Дамы побледнели. Березин и Горенский согласились с Фоминым. Только Никонов решительно запротестовал.

— Что он дичь порет, Фомин! Сам нас сюда привел и теперь наутек. Никакой опасности нет, ерунда!

— Опасности, разумеется, большой нет, — заметил рассудительно Березин. — Но согласитесь, что и не так уж здесь интересно.

— Вернее, все интересное мы уже видели.

— Батюшки, двадцать минут двенадцатого, — сказал Фомин, взглянув на часы. — Мы обещали Тамаре Матвеевне быть не позже одиннадцати дома.

— Тогда, в самом деле, надо бежать. Мама будет очень беспокоиться, — сказала Муся. — Платон Михайлович, будьте моим кассиром.

— Уже за все заплачено, мы можем идти.

— Что за ерунда! — ворчал Никонов. — Я как раз хотел послать письмо брюнеточке…

— А того матроса с серьгой в ухе видели? Ему может не понравиться ваш слог, — сказала Глаша.

— Еще посмотрим ки-ки: же тю у тю же[18], — бормотал Никонов. — Дайте хоть водку допить.

— Допивайте живее.

— Да и не осталось ничего.

— А они на нас не нападут при выходе? — озираясь, спросила Сонечка. — Взгляните, как тот высокий у стены на нас смотрит!.. Он, верно, кокаинист?.. Правда?..

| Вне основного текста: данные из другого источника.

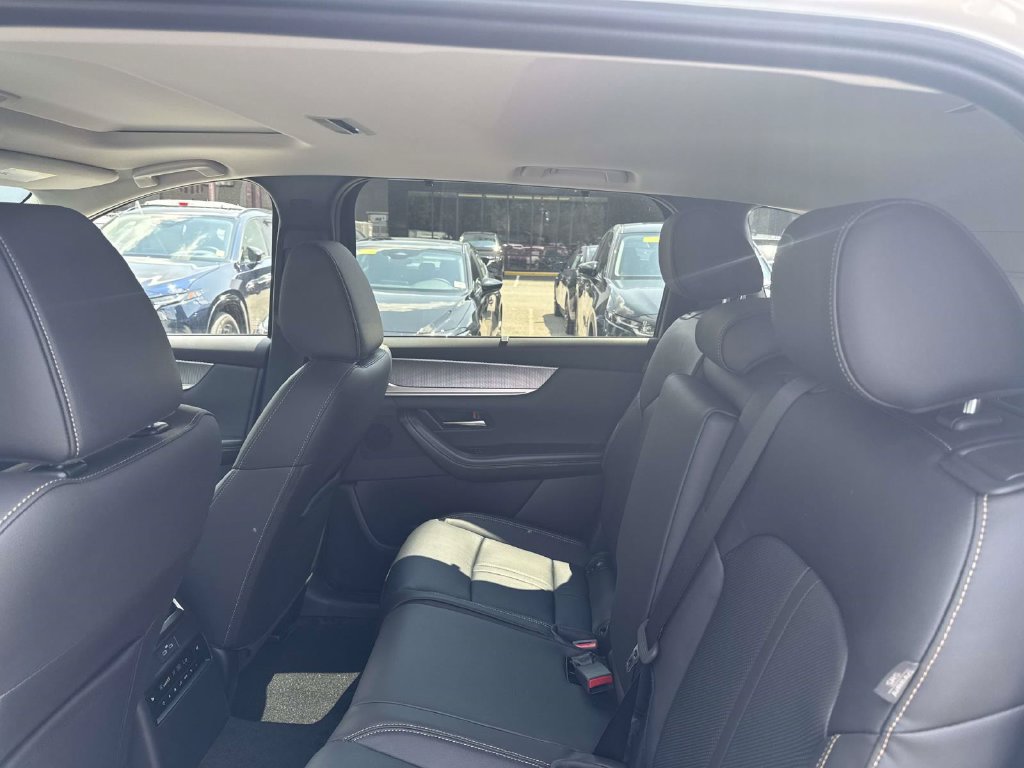 New 2026 MAZDA CX-90 Plug-In Hybrid w/ Preferred AWD/4WD image 11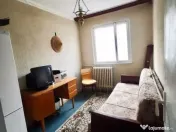 Apartament 3 camere semidecomandat KM 4-5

— Зачем кокаинист? Просто лакей, Сонечка.

— Господа, мы отрезаны!

— Ничего, пробьемся.

— Ах, если б опять увидеть городового!.. Бравого статного фараона!

— Ах, какое было прелестное зрелище!

— Дивное невозвратное виденье!

— Позор!

— Господа, серьезно, я очень боюсь…

— Но ведь вы сами жаждали приключений, Сонечка.

— А теперь больше не жажду… Теперь я жажду быть в столовой Тамары Матвеевны.

— Идем, господа, — сказала Муся, вставая.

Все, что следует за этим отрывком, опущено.